AIM OF THE TASK: Repeat the listing below in full and exactly, but without its pictures.
═══ SUPPLIED MATERIAL ═══
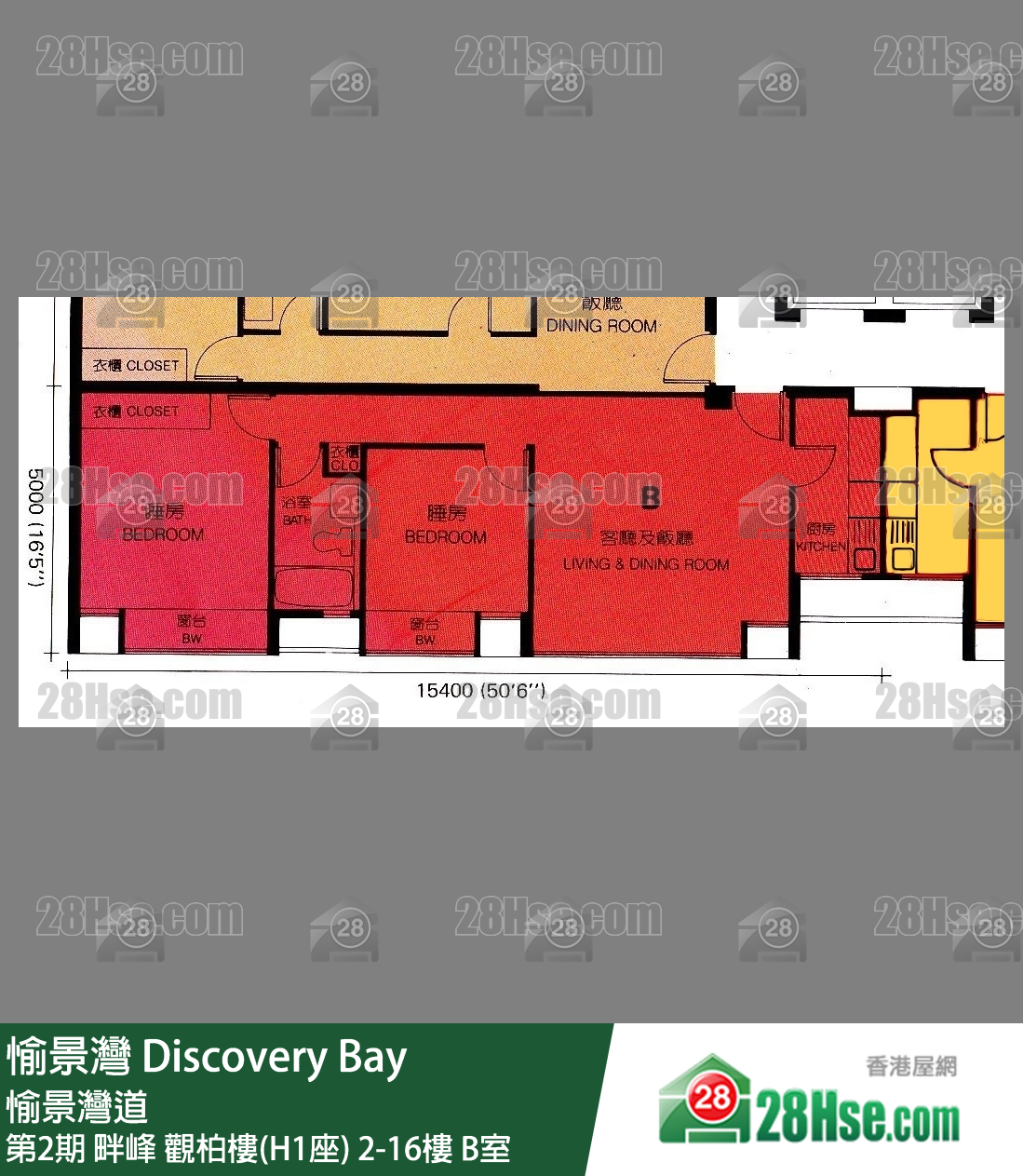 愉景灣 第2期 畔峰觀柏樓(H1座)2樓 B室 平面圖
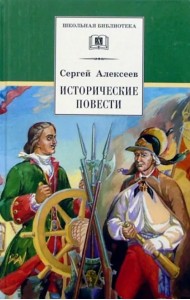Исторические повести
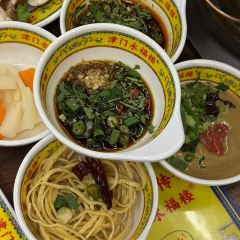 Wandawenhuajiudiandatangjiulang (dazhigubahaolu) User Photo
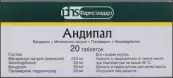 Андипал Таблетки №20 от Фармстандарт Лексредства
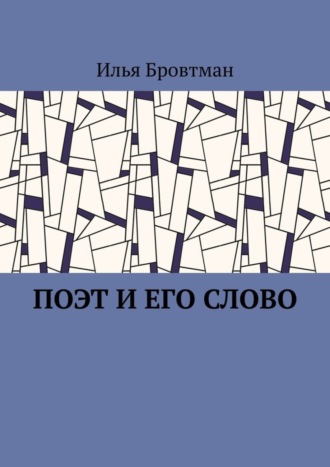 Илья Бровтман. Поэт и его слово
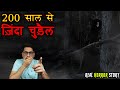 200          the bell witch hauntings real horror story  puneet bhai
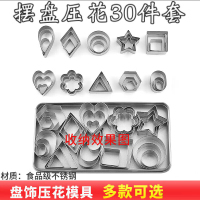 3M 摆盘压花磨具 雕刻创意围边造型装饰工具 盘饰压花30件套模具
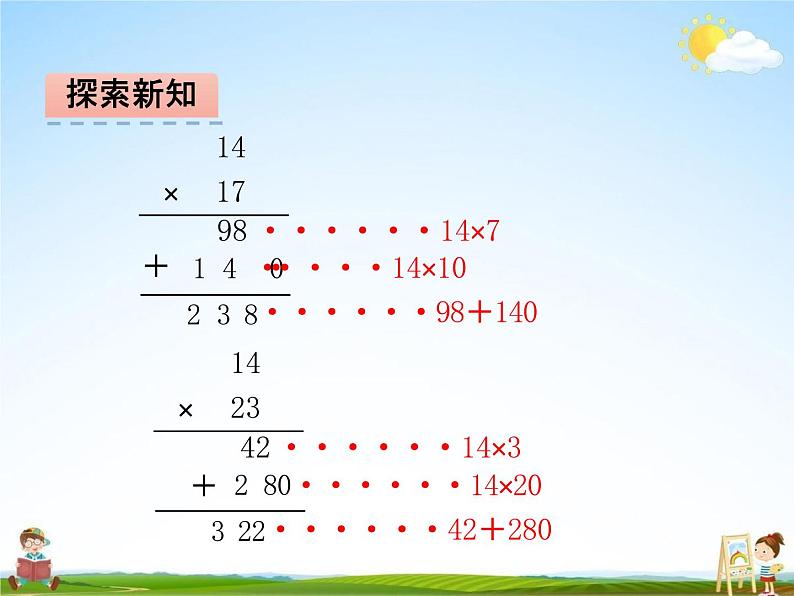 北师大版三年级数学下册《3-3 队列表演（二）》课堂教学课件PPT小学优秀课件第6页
═══
RESPONSE TO THIS EXERCISE:
 愉景灣 第2期 畔峰觀柏樓(H1座)2樓 B室 平面圖
Исторические повести
 Wandawenhuajiudiandatangjiulang (dazhigubahaolu) User Photo
 Андипал Таблетки №20 от Фармстандарт Лексредства
 Илья Бровтман. Поэт и его слово
 200          the bell witch hauntings real horror story  puneet bhai
 3M 摆盘压花磨具 雕刻创意围边造型装饰工具 盘饰压花30件套模具
 北师大版三年级数学下册《3-3 队列表演（二）》课堂教学课件PPT小学优秀课件第6页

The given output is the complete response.